What to work on: Find the line containing "solapas y lengüetas)" in the listing below. Repeat it exactly, along with each following line up to and including the one containing "Don't Worry!: You".

Working data:
╭──

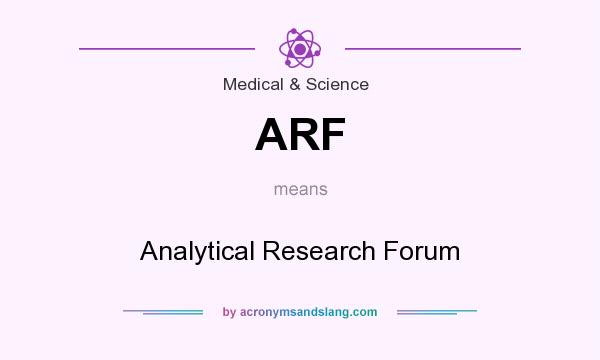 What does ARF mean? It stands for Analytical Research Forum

╰──
╭──

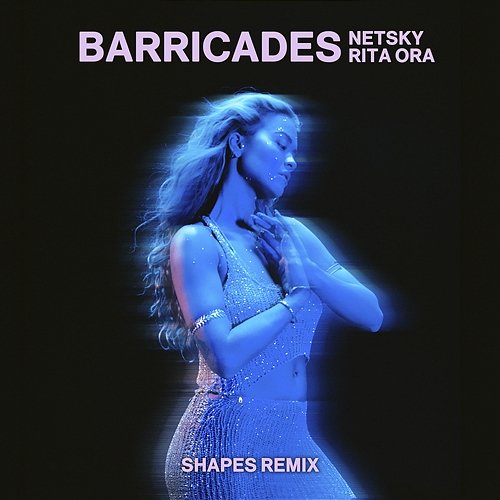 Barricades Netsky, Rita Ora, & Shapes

╰──
╭──

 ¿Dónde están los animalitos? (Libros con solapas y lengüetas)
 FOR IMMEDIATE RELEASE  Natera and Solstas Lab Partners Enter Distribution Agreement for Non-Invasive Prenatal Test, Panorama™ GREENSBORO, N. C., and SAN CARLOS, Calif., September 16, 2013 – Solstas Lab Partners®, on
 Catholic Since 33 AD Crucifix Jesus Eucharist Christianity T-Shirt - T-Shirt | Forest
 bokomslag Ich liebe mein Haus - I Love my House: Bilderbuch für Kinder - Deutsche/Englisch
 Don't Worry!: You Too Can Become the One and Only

╰──

Task solution:
 ¿Dónde están los animalitos? (Libros con solapas y lengüetas)
 FOR IMMEDIATE RELEASE  Natera and Solstas Lab Partners Enter Distribution Agreement for Non-Invasive Prenatal Test, Panorama™ GREENSBORO, N. C., and SAN CARLOS, Calif., September 16, 2013 – Solstas Lab Partners®, on
 Catholic Since 33 AD Crucifix Jesus Eucharist Christianity T-Shirt - T-Shirt | Forest
 bokomslag Ich liebe mein Haus - I Love my House: Bilderbuch für Kinder - Deutsche/Englisch
 Don't Worry!: You Too Can Become the One and Only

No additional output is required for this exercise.